O revolucionário argentino pode ser considerado um herdeiro político e intelectual tanto de Marx, Engels e Lênin, como de Simón Bolívar, José Martí, Julio Antonio Mella e José Carlos Mariátegui. Em outras palavras, unia o marxismo clássico ao integracionismo latino-americano, ao nacionalismo cubano, ao internacionalismo, ao anti-imperialismo e ao “humanismo proletário”. Nesse sentido, a articulação de conceitos como “partido”, “planificação”, “vanguarda” e “ética” são imprescindíveis para se compreender o projeto econômico propugnado pelo Che. Além dos elementos mais explícitos do debate de então, como a lei do valor, a persistência das relações de mercado e o gerenciamento das fábricas.

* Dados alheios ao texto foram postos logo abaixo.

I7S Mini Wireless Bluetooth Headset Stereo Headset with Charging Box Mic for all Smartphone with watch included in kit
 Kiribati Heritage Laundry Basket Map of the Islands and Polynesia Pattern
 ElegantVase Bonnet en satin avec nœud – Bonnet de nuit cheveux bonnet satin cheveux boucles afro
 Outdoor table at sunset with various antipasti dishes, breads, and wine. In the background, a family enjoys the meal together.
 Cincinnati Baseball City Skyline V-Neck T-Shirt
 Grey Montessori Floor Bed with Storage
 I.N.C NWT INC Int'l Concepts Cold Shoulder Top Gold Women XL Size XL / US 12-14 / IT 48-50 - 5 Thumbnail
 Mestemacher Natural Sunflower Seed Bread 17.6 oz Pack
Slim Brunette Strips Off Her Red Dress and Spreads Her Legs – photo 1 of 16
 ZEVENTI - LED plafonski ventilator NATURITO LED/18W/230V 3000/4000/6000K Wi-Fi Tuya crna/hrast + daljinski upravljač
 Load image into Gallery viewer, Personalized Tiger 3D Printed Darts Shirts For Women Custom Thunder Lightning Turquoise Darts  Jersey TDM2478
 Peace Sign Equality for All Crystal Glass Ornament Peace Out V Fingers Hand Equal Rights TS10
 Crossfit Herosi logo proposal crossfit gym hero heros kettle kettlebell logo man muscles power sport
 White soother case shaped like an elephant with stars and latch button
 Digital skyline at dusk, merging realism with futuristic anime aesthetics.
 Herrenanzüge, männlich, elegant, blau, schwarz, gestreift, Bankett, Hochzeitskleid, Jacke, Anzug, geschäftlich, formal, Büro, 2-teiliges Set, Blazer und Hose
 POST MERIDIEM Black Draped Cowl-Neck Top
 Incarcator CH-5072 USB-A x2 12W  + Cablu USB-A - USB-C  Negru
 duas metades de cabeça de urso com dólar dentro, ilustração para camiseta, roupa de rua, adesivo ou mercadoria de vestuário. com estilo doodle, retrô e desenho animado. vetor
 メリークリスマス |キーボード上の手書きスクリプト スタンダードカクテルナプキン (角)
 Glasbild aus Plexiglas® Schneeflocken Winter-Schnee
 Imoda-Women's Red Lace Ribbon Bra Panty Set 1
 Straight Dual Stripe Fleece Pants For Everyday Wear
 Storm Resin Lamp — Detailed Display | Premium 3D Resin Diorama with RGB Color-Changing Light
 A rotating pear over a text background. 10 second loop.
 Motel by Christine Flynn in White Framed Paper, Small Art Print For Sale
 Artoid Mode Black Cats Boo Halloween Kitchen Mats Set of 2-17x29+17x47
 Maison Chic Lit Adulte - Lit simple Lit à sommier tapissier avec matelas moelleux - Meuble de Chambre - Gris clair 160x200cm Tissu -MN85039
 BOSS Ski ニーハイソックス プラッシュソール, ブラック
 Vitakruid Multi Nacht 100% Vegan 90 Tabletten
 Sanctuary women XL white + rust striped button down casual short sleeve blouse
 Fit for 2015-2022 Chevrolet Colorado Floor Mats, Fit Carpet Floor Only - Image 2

Guevara estava ciente dos diferentes modelos implementados no mundo socialista: das experiências de autogestão na Iugoslávia titoísta às reformas libermanistas em andamento na União Soviética. Estimulado pelo clima efervescente da luta revolucionária no Terceiro Mundo e das polêmicas em torno dos caminhos para a construção do socialismo, o autor de Guerra de guerrilhas estudaria detalhadamente a experiência da revolução de Outubro, os desdobramentos da NEP (Novaya Ekonomicheskaya Politika) e a economia dos países do bloco soviético, além de ler obras de Marx, Engels, Lenin, Baran, Pushkov, Rosental, Straks, Djilas e tantos outros. Iria se corresponder com personalidades como Antonio Venturelli, Leo Huberman e Paul Sweezy; dialogaria com economistas da CEPAL e do bloco soviético; e teria aulas com professores renomados, como Salvador Vilaseca e Anastasio Mansilla. Por isso, não é de se estranhar que no famoso “debate econômico” de 1963-1964, fossem discutidos, de maneira sofisticada, assuntos candentes e específicos como custos de produção, preços e manejo das empresas estatais.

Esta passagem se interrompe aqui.